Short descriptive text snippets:
******

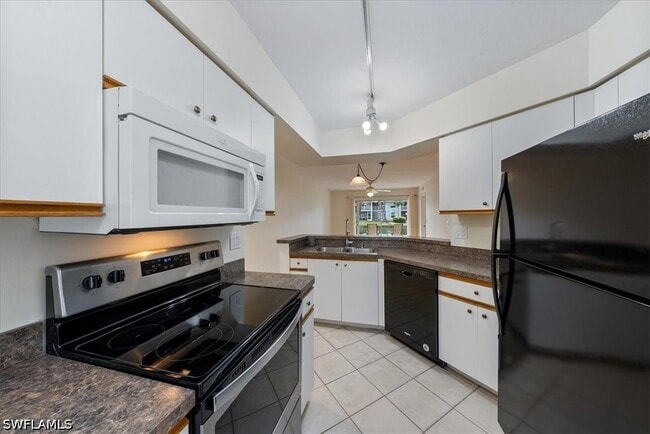 Photo - 149 Wading Bird Cir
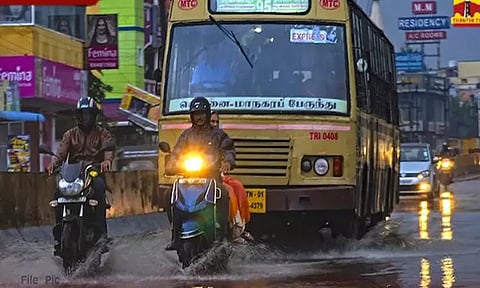 அதி கனமழை: சென்னையில் மாநகர பேருந்துகள் குறைந்த அளவில் இயக்கம்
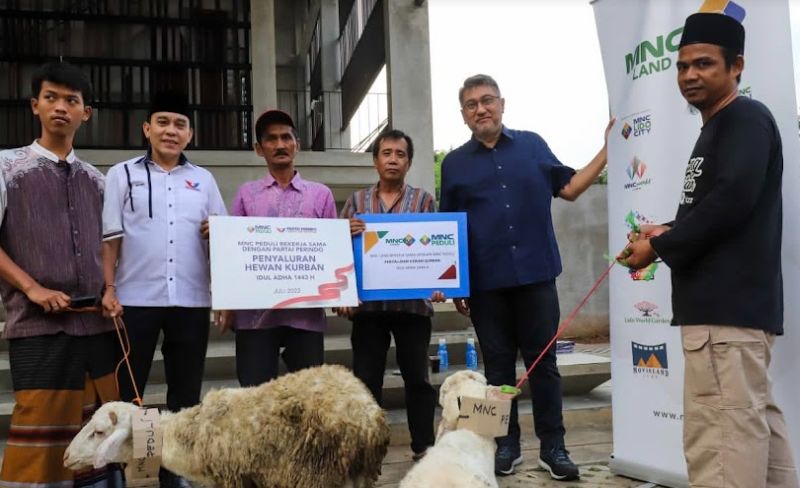Bersama MNC Peduli, Partai Perindo Salurkan Hewan Kurban ke Masjid Jami Al Hurriyyah Pasar Minggu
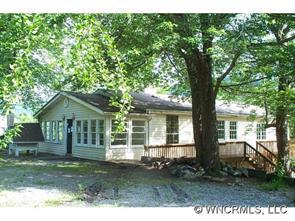 411 Country Brook Tr., Hendersonville, NC 28739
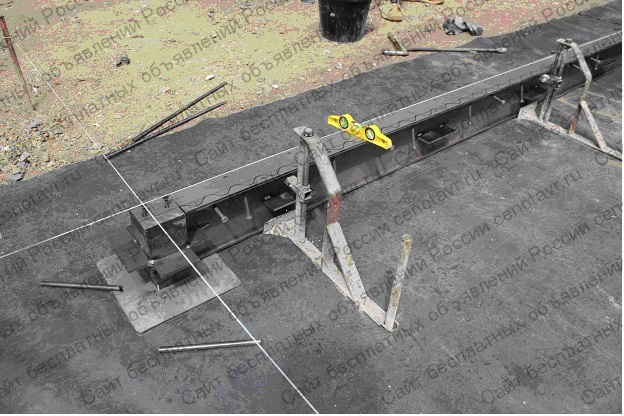 Фото: Направляющие рельс-формы SHіELDJOіNT для устройства бетонного пола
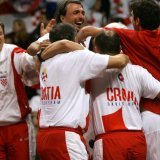 Nikola Pilic, à gauche, lors du succès de la Croatie en Coupe Davis en 2005 KEYSTONE/AP/ANJA NIEDRINGHAUS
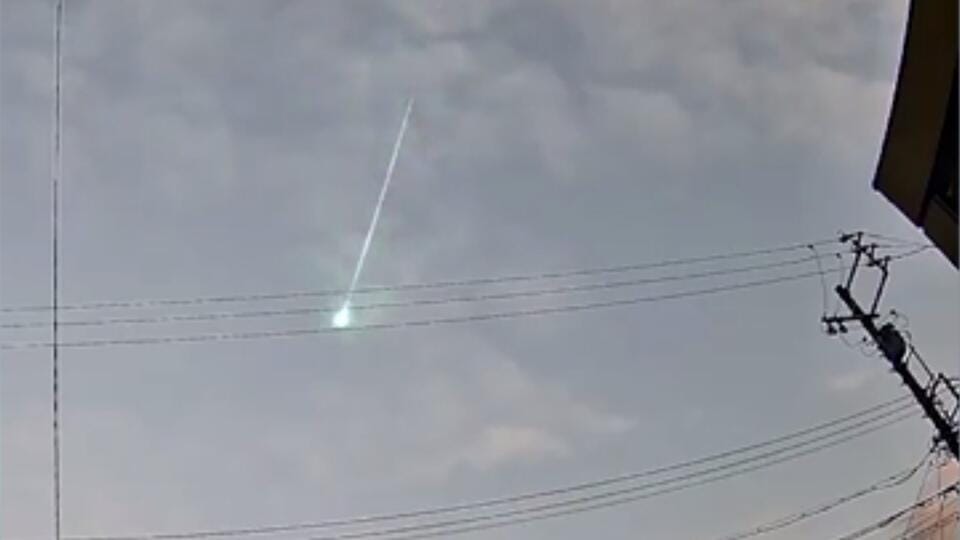 Ýaponiýanyň üstünden «otly şar» uçup geçdi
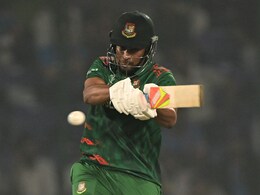 SL vs BAN T20 World Cup : बांग्लादेश की जीत में चमका CSK का स्टार, श्रीलंका को मिली 2 विकेट से हार SL vs BAN T20 World Cup : बांग्लादेश की जीत में चमका CSK का स्टार, श्रीलंका को मिली 2 विकेट से हार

******

Problem statement
Drop the pictures, then transcribe the lines from the one containing "Фото: Направляющие рельс-формы" to the end of the data above, exactly and nothing more.

Exercise solution
 Фото: Направляющие рельс-формы SHіELDJOіNT для устройства бетонного пола
 Nikola Pilic, à gauche, lors du succès de la Croatie en Coupe Davis en 2005 KEYSTONE/AP/ANJA NIEDRINGHAUS
 Ýaponiýanyň üstünden «otly şar» uçup geçdi
 SL vs BAN T20 World Cup : बांग्लादेश की जीत में चमका CSK का स्टार, श्रीलंका को मिली 2 विकेट से हार SL vs BAN T20 World Cup : बांग्लादेश की जीत में चमका CSK का स्टार, श्रीलंका को मिली 2 विकेट से हार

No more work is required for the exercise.